**WHAT THE TASK REQUIRES:** What you produce should be an exact transcription of the data, minus any pictures.

======== SUPPLIED MATERIAL ========

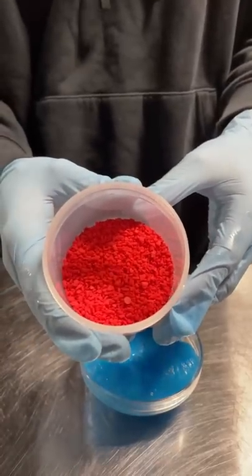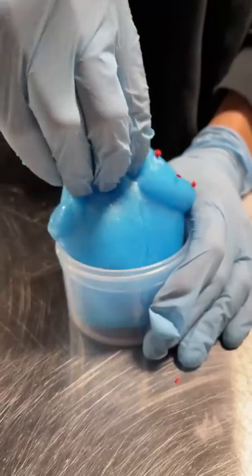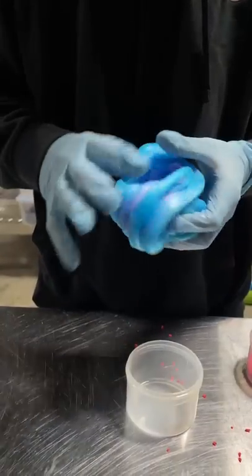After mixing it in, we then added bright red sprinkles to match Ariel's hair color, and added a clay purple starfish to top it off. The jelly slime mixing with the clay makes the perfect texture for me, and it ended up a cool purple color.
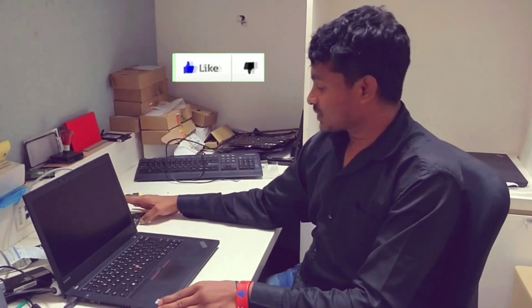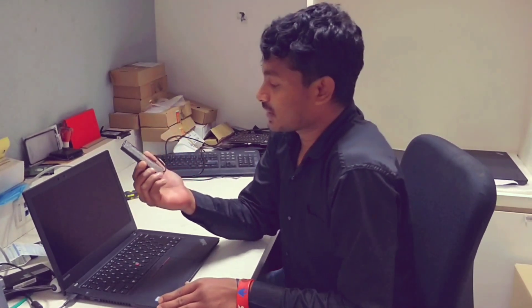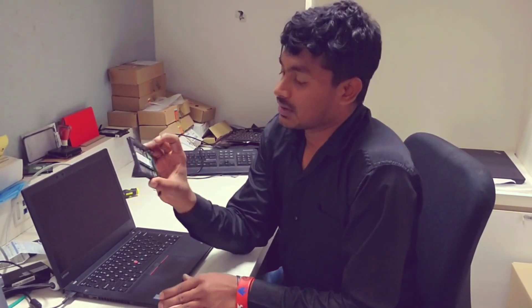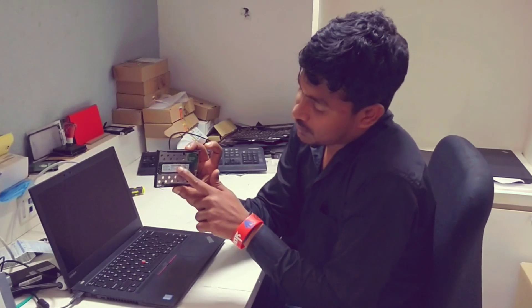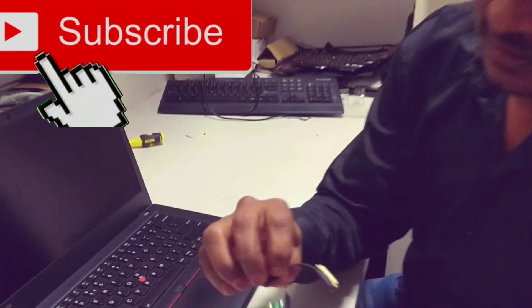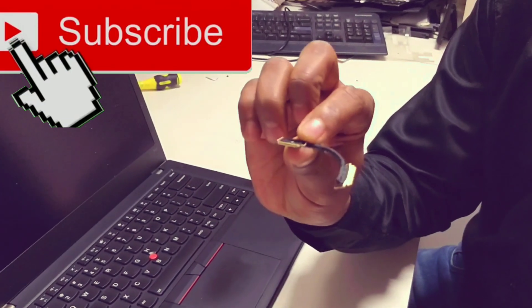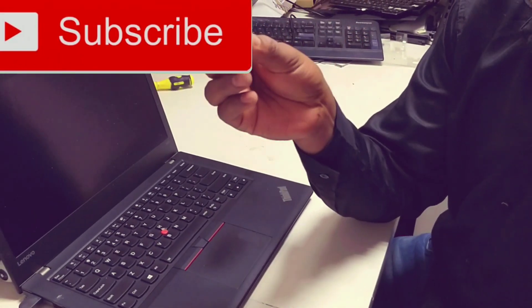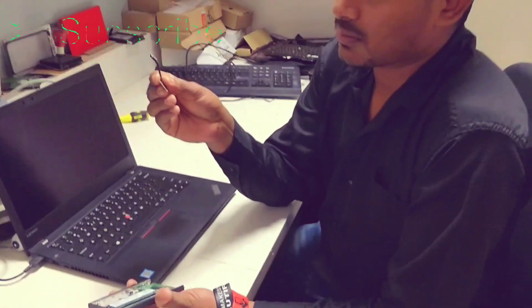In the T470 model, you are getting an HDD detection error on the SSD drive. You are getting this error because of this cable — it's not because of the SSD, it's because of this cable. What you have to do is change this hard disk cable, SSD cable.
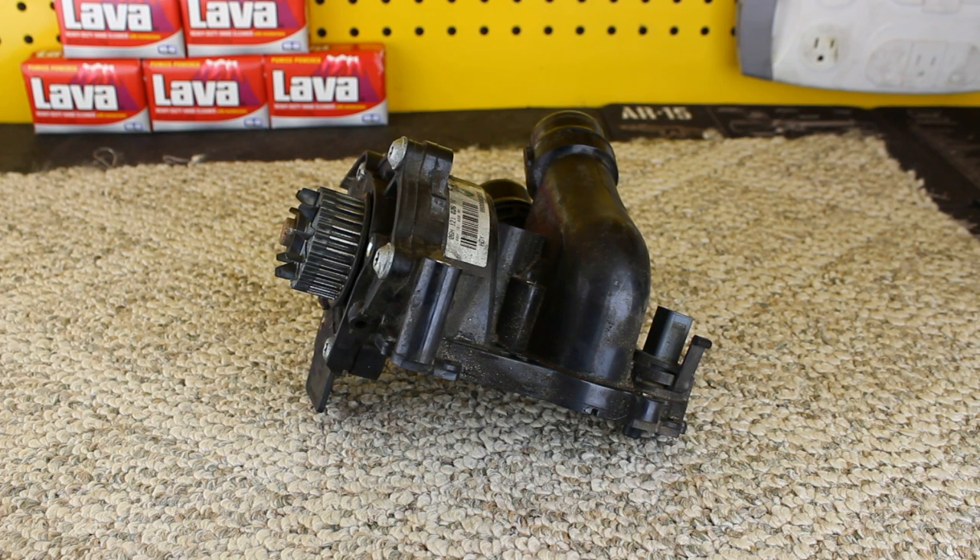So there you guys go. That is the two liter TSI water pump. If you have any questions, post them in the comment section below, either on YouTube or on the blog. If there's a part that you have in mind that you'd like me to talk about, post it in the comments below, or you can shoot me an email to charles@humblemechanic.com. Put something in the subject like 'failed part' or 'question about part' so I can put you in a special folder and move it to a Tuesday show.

========

**EXERCISE RESULT:**
After mixing it in, we then added bright red sprinkles to match Ariel's hair color, and added a clay purple starfish to top it off. The jelly slime mixing with the clay makes the perfect texture for me, and it ended up a cool purple color.
In the T470 model, you are getting an HDD detection error on the SSD drive. You are getting this error because of this cable — it's not because of the SSD, it's because of this cable. What you have to do is change this hard disk cable, SSD cable.
So there you guys go. That is the two liter TSI water pump. If you have any questions, post them in the comment section below, either on YouTube or on the blog. If there's a part that you have in mind that you'd like me to talk about, post it in the comments below, or you can shoot me an email to charles@humblemechanic.com. Put something in the subject like 'failed part' or 'question about part' so I can put you in a special folder and move it to a Tuesday show.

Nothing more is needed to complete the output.